■ **RECORDS PROVIDED**:
______

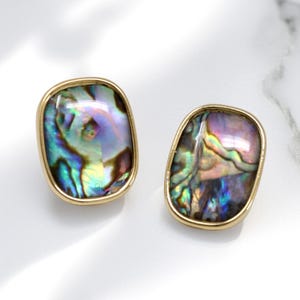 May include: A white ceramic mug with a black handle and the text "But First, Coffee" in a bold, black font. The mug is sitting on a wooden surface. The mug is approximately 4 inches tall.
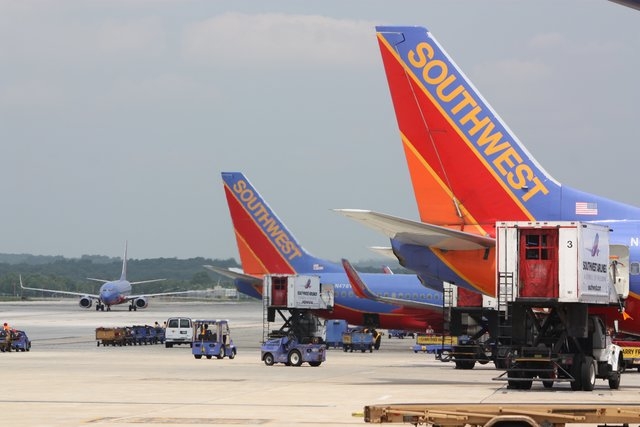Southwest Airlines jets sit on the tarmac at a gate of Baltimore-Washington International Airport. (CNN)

______

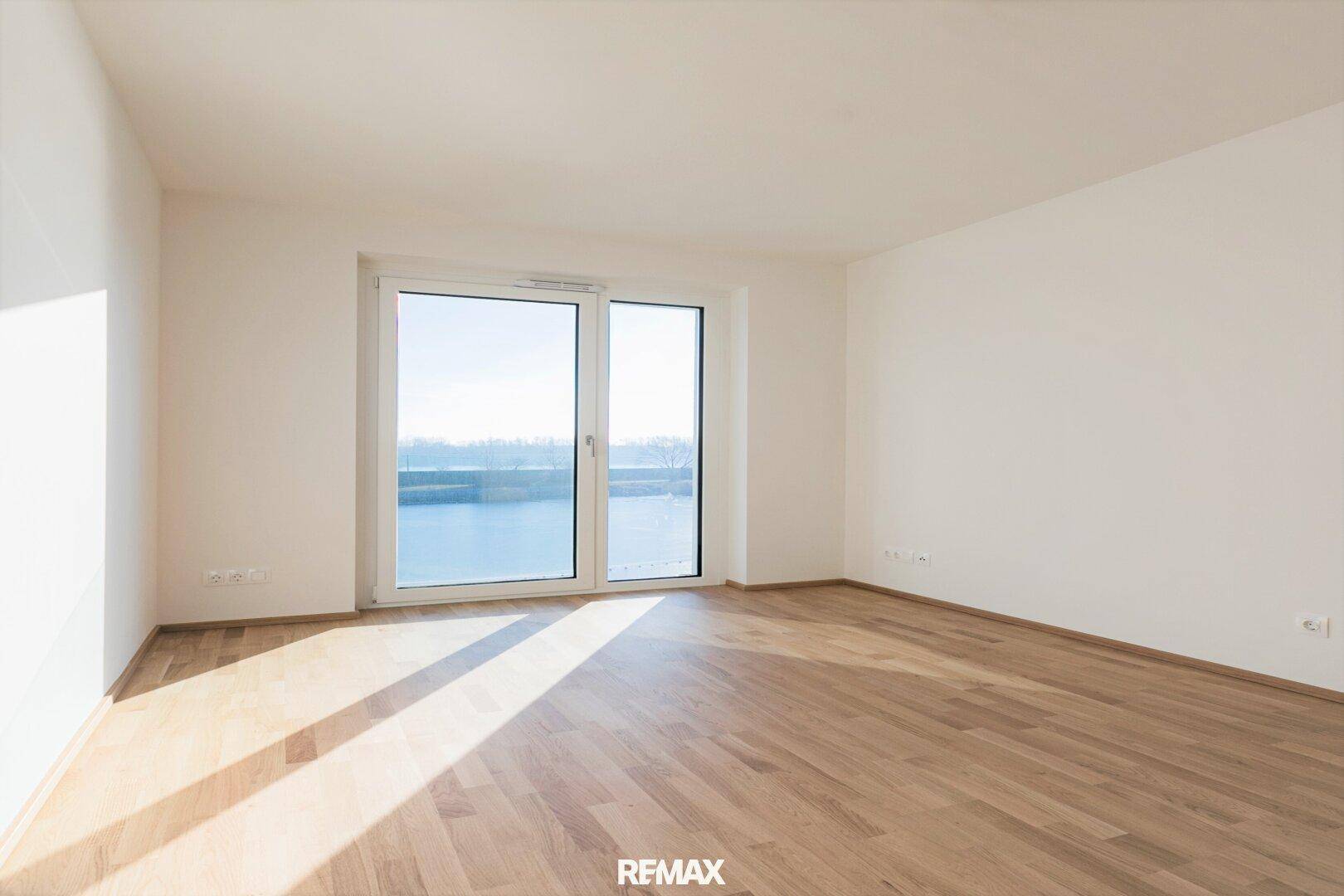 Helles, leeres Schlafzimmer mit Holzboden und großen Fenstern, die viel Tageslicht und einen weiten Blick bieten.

______

■ **EXERCISE REQUIREMENTS**: After locating "May include: A" and "Southwest Airlines jets" in the records above, return exactly the line holding each one and every line between them; leave out the pictures.

■ **FINAL ANSWER**:
 May include: A white ceramic mug with a black handle and the text "But First, Coffee" in a bold, black font. The mug is sitting on a wooden surface. The mug is approximately 4 inches tall.
Southwest Airlines jets sit on the tarmac at a gate of Baltimore-Washington International Airport. (CNN)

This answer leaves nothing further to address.